Of course, all clients want me to devote ALL my time to them, and get upset if they schedule a meeting with me and then find out I can't make it because I'm doing something else, and get upset I didn't tell them I was going on holiday. I need to find ways to gently remind some of them that I'm a freelance contractor, not an employee...

Anyway, having got that off my chest, I will now proceed to blog some fun stuff!

Lazy eye (by )

I have a lazy eye. I was born long sighted and astigmatic in my left eye, and therefore my developing retinal ganglae and visual cortex have taken much more notice of the clean signal from my right eye rather than the fuzzy one from my left.

Now, opticians have always told me that this is incurable. They can set up lenses that make the vision in my left eye clear - I can tell the edges are sharper, rather than fuzzy - but still, thanks to the lack of neural development, I can't process the image properly. I have to close my dominant eye to see my left-eye signal properly, and even then, a pall of blackness from the closed dominant eye is obscuring everything; my left-eye signal comes murkily through amongst the blackness. On top of that, because the normal blurry signal from my eye doesn't have good edge information in, I can't see edges properly. Even with the optical issues corrected, the edge-detection stuff hasn't properly developed, and I see an odd hard-to-describe world of patches of colours and textures; yet when I try to concentrate on where the boundary between two patches is, it eludes me.

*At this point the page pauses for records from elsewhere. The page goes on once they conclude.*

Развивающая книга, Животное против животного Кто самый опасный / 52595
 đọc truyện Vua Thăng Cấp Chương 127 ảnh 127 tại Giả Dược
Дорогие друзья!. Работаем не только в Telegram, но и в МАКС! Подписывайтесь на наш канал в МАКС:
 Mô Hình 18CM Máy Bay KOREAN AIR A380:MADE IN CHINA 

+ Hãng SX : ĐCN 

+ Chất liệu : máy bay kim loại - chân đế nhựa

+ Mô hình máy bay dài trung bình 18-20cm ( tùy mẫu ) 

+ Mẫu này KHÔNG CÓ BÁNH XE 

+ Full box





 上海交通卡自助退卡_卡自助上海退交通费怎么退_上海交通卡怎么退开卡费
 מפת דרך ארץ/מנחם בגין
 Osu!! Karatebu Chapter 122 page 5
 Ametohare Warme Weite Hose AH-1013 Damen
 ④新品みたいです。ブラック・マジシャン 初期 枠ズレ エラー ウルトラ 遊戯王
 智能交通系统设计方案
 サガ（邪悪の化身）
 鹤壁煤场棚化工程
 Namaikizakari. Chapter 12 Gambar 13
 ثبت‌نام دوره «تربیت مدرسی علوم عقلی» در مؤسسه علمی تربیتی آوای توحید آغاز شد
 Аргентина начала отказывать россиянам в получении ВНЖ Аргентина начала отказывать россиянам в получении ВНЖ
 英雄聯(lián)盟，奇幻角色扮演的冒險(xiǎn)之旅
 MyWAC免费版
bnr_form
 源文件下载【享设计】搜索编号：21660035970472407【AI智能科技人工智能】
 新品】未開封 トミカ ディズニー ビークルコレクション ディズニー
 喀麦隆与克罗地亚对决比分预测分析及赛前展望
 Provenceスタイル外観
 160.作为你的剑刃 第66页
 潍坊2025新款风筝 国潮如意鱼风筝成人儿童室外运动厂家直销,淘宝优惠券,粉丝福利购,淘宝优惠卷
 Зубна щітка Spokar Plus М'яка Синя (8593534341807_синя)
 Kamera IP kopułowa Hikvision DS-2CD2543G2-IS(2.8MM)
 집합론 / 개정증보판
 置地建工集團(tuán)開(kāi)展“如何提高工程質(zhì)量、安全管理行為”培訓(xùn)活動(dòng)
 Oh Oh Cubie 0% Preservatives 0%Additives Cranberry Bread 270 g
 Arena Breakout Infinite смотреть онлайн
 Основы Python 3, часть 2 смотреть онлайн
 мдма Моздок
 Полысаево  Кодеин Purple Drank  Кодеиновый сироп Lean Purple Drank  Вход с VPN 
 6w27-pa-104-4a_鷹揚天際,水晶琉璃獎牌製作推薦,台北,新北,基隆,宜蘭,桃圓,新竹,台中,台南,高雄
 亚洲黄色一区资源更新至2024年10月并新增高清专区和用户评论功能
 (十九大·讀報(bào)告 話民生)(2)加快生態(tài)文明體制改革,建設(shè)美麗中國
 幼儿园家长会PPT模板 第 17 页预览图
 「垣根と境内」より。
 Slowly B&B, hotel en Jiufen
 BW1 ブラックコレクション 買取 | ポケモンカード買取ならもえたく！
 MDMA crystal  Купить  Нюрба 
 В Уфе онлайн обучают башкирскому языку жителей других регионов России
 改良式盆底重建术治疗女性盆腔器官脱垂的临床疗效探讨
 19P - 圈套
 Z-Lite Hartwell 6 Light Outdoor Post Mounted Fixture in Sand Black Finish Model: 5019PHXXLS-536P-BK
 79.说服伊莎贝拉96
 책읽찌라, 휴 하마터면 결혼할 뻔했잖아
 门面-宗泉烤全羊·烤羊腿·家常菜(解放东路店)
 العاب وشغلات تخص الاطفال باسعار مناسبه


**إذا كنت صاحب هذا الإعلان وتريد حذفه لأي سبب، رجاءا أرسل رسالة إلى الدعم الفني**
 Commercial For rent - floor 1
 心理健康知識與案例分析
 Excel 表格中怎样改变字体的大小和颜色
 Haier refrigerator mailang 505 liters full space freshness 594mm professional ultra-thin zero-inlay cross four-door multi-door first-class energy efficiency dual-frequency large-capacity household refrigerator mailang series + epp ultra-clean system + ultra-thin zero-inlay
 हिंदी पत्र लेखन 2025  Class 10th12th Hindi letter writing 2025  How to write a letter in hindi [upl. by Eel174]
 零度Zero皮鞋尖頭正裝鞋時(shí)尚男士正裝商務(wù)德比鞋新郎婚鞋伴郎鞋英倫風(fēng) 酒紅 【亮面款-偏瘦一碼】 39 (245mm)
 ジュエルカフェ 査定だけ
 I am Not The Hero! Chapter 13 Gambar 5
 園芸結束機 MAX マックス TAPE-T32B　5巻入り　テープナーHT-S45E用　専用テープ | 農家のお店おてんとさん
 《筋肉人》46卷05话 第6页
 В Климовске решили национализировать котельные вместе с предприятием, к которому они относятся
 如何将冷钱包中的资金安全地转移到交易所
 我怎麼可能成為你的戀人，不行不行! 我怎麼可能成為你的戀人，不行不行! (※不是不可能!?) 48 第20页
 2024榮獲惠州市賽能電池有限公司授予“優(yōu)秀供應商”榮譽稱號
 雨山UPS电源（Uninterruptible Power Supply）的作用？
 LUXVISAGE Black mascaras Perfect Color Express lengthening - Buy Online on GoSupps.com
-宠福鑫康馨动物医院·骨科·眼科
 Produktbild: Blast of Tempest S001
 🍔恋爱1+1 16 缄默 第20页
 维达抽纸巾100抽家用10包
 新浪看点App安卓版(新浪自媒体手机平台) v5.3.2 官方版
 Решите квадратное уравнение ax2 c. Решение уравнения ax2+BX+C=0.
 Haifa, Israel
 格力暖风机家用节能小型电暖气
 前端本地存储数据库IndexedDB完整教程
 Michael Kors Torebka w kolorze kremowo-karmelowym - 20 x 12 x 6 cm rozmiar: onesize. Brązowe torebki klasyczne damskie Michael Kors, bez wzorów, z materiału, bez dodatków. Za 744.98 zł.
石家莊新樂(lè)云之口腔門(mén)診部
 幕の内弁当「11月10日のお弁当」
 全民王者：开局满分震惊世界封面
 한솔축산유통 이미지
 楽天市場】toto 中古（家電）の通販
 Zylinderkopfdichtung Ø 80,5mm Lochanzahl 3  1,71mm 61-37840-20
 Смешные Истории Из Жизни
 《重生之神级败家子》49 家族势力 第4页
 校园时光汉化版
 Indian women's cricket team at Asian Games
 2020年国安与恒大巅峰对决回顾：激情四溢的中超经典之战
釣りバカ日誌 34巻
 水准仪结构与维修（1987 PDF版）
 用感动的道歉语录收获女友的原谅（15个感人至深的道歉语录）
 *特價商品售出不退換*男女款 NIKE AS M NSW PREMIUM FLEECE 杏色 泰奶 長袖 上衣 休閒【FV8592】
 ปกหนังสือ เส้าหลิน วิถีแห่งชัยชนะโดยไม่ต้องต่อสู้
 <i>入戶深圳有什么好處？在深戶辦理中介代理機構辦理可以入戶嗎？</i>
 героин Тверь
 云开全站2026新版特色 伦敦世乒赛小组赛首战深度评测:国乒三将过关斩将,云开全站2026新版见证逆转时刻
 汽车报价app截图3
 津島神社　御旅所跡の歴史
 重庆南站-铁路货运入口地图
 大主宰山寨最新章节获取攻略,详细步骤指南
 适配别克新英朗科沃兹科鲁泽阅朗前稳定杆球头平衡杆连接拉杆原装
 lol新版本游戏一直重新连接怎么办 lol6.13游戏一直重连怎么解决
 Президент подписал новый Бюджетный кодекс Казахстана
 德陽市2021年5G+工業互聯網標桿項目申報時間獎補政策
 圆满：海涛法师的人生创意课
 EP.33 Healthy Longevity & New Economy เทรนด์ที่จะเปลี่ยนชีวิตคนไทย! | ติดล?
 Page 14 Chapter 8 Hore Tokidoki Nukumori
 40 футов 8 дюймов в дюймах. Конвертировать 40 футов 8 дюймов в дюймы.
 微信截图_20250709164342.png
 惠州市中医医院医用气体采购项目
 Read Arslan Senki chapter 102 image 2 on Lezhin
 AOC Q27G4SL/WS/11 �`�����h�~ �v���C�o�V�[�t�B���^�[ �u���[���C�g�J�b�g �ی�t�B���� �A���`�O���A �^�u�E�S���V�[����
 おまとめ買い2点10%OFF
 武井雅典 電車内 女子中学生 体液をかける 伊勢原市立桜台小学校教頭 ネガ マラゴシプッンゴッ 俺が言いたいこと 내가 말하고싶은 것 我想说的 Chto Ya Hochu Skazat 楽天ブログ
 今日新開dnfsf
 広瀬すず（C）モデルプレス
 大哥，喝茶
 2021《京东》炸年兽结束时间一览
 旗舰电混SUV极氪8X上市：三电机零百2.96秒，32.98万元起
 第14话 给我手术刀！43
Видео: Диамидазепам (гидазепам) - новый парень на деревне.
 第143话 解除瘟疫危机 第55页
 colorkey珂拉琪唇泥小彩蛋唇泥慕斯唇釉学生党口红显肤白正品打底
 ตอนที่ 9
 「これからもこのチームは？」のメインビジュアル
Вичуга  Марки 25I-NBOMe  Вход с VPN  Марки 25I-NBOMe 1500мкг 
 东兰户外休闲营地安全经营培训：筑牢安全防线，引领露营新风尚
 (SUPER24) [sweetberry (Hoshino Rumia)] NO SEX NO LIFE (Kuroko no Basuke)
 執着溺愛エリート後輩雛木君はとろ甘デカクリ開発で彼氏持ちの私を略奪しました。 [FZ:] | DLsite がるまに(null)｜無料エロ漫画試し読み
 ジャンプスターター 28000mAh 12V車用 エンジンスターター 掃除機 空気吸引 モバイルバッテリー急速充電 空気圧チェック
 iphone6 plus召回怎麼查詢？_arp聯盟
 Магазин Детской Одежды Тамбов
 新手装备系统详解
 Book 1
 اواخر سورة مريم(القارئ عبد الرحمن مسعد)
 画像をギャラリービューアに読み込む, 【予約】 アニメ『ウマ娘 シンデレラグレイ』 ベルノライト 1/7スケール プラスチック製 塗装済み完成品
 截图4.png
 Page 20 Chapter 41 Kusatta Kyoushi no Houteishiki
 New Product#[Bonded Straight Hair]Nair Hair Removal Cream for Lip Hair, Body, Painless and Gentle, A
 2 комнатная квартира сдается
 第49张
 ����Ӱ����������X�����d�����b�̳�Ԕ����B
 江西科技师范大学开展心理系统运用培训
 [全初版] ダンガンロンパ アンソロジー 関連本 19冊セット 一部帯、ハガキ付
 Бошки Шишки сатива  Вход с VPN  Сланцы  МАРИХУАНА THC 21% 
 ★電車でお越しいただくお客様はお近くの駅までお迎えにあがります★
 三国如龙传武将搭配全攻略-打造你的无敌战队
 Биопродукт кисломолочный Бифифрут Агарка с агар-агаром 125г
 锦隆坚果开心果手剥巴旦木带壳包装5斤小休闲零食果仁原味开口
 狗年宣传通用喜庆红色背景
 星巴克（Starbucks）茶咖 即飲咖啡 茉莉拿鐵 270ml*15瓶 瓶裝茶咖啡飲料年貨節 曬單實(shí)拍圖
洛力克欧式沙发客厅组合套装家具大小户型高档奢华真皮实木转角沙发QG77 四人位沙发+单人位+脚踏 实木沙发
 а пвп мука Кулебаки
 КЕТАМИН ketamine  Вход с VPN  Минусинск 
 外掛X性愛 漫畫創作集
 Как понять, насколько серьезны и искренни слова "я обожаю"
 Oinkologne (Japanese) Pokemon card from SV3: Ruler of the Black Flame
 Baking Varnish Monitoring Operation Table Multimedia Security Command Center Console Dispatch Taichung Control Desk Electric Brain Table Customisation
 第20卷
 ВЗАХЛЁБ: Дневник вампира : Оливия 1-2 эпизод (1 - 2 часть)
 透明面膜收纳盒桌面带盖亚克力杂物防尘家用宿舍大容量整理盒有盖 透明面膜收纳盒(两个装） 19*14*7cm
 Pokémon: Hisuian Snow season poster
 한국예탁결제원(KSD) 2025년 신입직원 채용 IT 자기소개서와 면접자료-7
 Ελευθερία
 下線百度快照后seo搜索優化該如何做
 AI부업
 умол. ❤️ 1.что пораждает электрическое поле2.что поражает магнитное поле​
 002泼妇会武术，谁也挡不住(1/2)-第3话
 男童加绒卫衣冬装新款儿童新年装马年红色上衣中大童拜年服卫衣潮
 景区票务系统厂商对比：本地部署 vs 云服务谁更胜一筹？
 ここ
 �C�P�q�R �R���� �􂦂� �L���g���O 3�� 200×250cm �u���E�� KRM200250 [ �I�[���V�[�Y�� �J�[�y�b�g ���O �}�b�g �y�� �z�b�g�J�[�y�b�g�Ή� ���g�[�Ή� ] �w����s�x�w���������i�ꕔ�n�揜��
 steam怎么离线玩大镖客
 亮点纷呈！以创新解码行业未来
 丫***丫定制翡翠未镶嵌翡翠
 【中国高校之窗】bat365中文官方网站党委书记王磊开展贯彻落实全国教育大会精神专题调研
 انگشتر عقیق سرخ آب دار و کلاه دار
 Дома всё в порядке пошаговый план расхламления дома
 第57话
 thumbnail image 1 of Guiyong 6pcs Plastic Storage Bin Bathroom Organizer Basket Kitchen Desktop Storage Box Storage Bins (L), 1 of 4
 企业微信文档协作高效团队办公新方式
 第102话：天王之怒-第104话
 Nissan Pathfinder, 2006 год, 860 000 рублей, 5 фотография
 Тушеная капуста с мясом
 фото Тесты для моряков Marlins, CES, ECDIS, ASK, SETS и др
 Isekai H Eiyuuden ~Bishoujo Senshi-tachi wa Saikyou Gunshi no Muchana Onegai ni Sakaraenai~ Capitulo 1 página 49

The opticians tell me that even though lenses make the image in my left eye noticeably sharper, the neural stuff will never get better, so I'm refused glasses these days (even though I have a hunch I might get less headaches with spectacles, since my left eye still seems to try to focus on things and then aches).

However, today I read this:

http://news.bbc.co.uk/1/hi/technology/4849244.stm

Apparently, VR researchers have been treating this kind of thing by putting people in a VR game, while feeding incomplete visual signals to each eye. Eg, one eye seems some objects, the other eye sees others. This forces both eyes to operate together, rather than the old patch-over-the-good-eye technique, which often ended up causing difficulty in co-ordinating both eyes together.

This fills me with hope. For a start, it looks like the optician's statements that there was no way of fixing the neural issues is poppycock...

So as soon as I get time, I'm going to an optician and demanding spectacles, this time with this article to show them!

MOT (by )

Well, the car passed its MOT, despite needing to have various bits of suspension-related mechanism replaced (nearside front MacPherson strut and rear wheel bearing), and a hole in the exhaust piping.

Although it seemed better at first, it's still a bit stuttery when started from cold. It no longer seems to stall when the brake is applied, so the general tuning and servicing probably helped a bit (carburettor adjustment?) - and I've found that running it for a minute or two when first started, then bringing it up to 4000RPM for a second or two, makes it then run smoothly. It also runs on a little after stopping; it's been suggested that these two things are both due to buildups of carbon in the cylinders.

So I'm considering finding some of that stuff you can put in that eats it all away, but I'm also mindful that the carbon layer may be compensating for two decades of cylinder/piston wear, so it might not be such a great idea...

Perhaps I should just replace the engine with an oil-fired Tesla turbine, with a Stirling engine to recover waste heat - both feeding generators, with electrical transmission to individual wheel motors via a compulsator energy reservoir for sudden acceleration, and to power the coaxial railgun.